What it's actually good for
Folate is a B vitamin your cells need to build DNA and RNA — anywhere cells are dividing fast, folate is doing quiet, essential work. Most of the coverage folate gets is really about one specific, well-proven use: taken before and during early pregnancy, it prevents most neural tube defects, the birth defects that occur when the spinal cord and brain fail to close properly in the first weeks after conception, often before a person knows they're pregnant. That single use case is why folic acid is added to flour and cereal in dozens of countries. Outside of it, folate's story is more ordinary B-vitamin territory: a nutrient that matters more when you're low in it than when you're not.
What the research says
Neural tube defect prevention (Grade A). This is the best-established use of any supplement on this site. A Cochrane review pooling 5 randomized trials in 7,391 women found folic acid cut neural tube defect risk to roughly a third of the unsupplemented rate (RR 0.31, 95% CI 0.17-0.58), graded high-certainty. The US Preventive Services Task Force gives it their highest recommendation grade (A): 0.4-0.8 mg/day starting at least a month before conception through the first trimester — the neural tube closes by about day 28, before most people confirm a pregnancy.

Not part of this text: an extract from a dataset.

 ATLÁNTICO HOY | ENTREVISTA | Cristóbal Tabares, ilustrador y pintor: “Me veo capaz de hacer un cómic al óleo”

The 5-MTHF myth. Supplement marketing often pushes 5-MTHF (L-methylfolate) as the "better absorbed," more natural alternative to folic acid, especially for people with an MTHFR gene variant. It does raise blood folate. But a 2024 evidence-based review in Nutrients states it plainly: no published clinical trial has measured 5-MTHF's effect on neural tube defect prevention. Every trial behind the Cochrane result above used folic acid. If preventing a neural tube defect is the goal, folic acid is the form with the evidence — not the one with the better marketing story.
Cardiovascular disease and stroke (Grade B). Folic acid lowers homocysteine, an amino acid loosely linked to vascular damage. A meta-analysis of 30 RCTs in over 82,000 people found a real but modest payoff: 10% lower stroke risk and 4% lower cardiovascular disease overall, with no significant effect on coronary heart disease specifically. Benefit concentrated in people who started with lower folate levels. A real signal, not a strong one.
Immune function (Grade C). Folate-dependent metabolism fuels the DNA synthesis that lets immune cells proliferate, and deficiency measurably impairs immune response — but that describes what happens when you're low, not a proven benefit of supplementing above sufficiency. NIH's fact sheet notes the opposite risk at the high end: excess unmetabolized folic acid has been linked to reduced natural killer cell activity. Treat "immune support" claims on folate products with skepticism.
How much, and which form
400 mcg/day covers the RDA for most adults. If you're pregnant or could become pregnant, 400-800 mcg/day of folic acid, started at least a month before conception, is the dose and timing actually tested in the trials that prevent neural tube defects. Stick with folic acid, not 5-MTHF, if NTD prevention is the goal — see above.
Safety & interactions
Folic acid is well-tolerated at RDA and typical supplemental doses. The 1,000 mcg/day upper limit exists mainly because high folate intake can mask a B12 deficiency — correcting the anemia while B12-driven nerve damage progresses unnoticed. Get B12 checked before high-dose folic acid if you have unexplained anemia. Anti-seizure medications and methotrexate both interact with folate and need clinician-managed dosing. This is informational, not medical advice — check with a clinician before starting.
How we picked the brand
A folate product earns a spot here when it's folic acid (not food folate or 5-MTHF marketed without NTD trial evidence) at a standard RDA-level dose, third-party verified for potency and purity, and free of unnecessary proprietary blends.